Se echó a reír. «No fue a ella, sino a mí. Me castigó por haber interrumpido aquella conversación aburrida sobre la guerra de España, ¿te acuerdas? Al día siguiente le pedí dinero y me lo negó. Menos mal que tengo ahorros. Y si no los tengo, pido un préstamo a Paulinha…». La interrumpí otra vez: «¿Qué pito toca una mujer tan guapa entre dos mujeres guapas? De todo lo que he advertido o sospechado en vuestra casa, eso es lo que más me choca y lo que menos entiendo».

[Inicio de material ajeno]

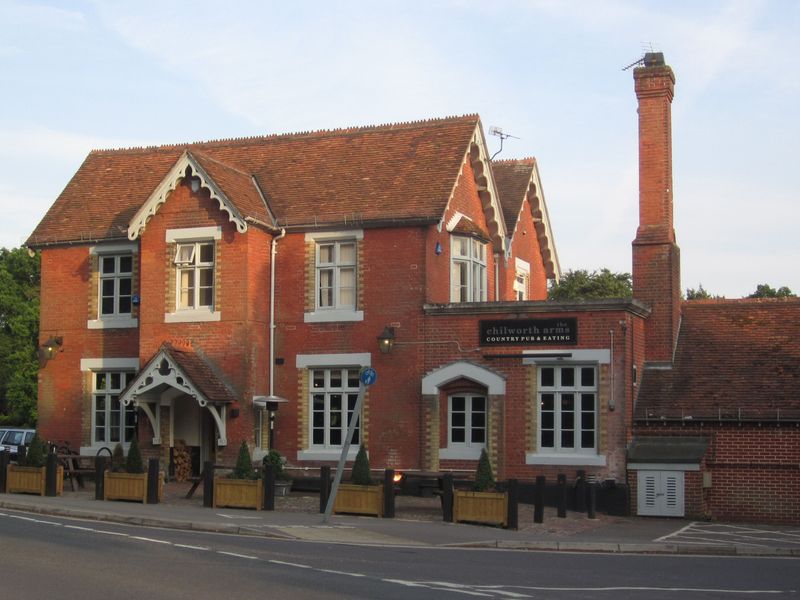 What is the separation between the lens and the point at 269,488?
917 inches

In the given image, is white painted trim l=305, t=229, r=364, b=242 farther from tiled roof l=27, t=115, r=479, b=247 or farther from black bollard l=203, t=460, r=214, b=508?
black bollard l=203, t=460, r=214, b=508

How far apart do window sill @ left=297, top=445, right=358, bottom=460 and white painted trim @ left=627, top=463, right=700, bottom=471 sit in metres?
6.73

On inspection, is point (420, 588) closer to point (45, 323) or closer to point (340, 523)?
point (340, 523)

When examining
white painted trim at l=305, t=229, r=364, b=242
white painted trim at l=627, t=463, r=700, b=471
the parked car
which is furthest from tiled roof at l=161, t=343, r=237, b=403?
the parked car

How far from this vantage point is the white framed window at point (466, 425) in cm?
2673

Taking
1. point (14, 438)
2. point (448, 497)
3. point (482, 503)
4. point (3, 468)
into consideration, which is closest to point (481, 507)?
point (482, 503)

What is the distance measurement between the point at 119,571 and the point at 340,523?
25.8 ft

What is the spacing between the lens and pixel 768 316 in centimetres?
2791

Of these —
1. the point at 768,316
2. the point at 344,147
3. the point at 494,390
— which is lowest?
the point at 494,390

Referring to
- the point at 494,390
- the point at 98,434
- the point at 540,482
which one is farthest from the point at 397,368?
the point at 98,434

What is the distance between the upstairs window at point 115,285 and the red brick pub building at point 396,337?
0.17ft

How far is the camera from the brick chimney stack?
27297 millimetres

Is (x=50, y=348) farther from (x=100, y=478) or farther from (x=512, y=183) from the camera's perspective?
(x=512, y=183)

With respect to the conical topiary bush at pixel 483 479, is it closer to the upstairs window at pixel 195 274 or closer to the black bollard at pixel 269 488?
the black bollard at pixel 269 488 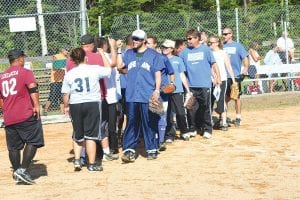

«Paulinha es la venganza de mi madre, contra mí, la venganza diaria. La puso a mi lado para que todos los días, al levantarme, la primera cara que vea sea más bella que la mía. También es más guapa que ella, o así me lo parece, pero mi madre tiene su modo particular de mantenerse por encima, de humillarla. Paulinha la baña todos los días. Tiene que desnudarse también, tiene que meterse con ella en la bañera, enjabonarla toda, y lavarla hasta su sucio coño. Le tiene que cortar las uñas de los pies y perfumárselos. Y mi madre, ¿sabes cómo la trata? De sucia negra. “Sucia negra, hazme esto, sucia negra, hazme lo otro. Sucia negra, si me lastimas te mato”. Pero ¿sabes?, Paulinha se ríe de ella. Viene a contármelo, y, para congraciarse conmigo, me dice que mis tetas son más duras que las de mi madre, o mi cintura más estrecha, o que mi madre tiene que tomar pastillas para que no le huela el aliento. Cuando vivíamos en Río me contaba también cuándo mi madre recibía a sus amantes y quiénes eran. Yo tenía quince años. Paulinha es algo más joven que yo. A ella directamente, a mí por medio de ella, mi madre nos hizo casi testigos de sus lascivias. Porque eso es mi madre, una puta lasciva».

Por segunda vez aquella tarde me cogió la mano, o, mejor, puso la suya encima de la mía, hasta sentirla pesar. «Tú le gustas. Le gustas porque eres el único hombre educado de los contornos. Antes, cuando aún no habías llegado, durante el verano, hubo otros. Pero ahora sólo estás tú. Y una noche entrará en tu casa para acostarse contigo. Si lo hace, y me entero, la mataré». Yo pegué un salto en el asiento y la miré con cierto espanto. «Sí, no te asustes. La mataré por esa razón o por otra, pero sé que la mataré. No me importa si me matan después, aunque ya procuraré que no lo hagan. Pero es mi destino, si alguien o algo no lo remedia». Había mantenido la mano oprimiendo la mía. La soltó, recogió la suya en el regazo. «De todos modos, cuando lo haga, procuraré que no estés cerca».

Se puso en pie violentamente, como que derribó la silla en que estaba sentada, una silla frágil de juncos trenzados. «Otro día continuaré. Hoy he ido demasiado lejos. No vengas conmigo». Atravesó la plazoleta, marchó por la vereda. La vi arrancar una brizna de mirto antes de perderse. Poco después oí el motor de su automóvil. Tardé en saber de ella.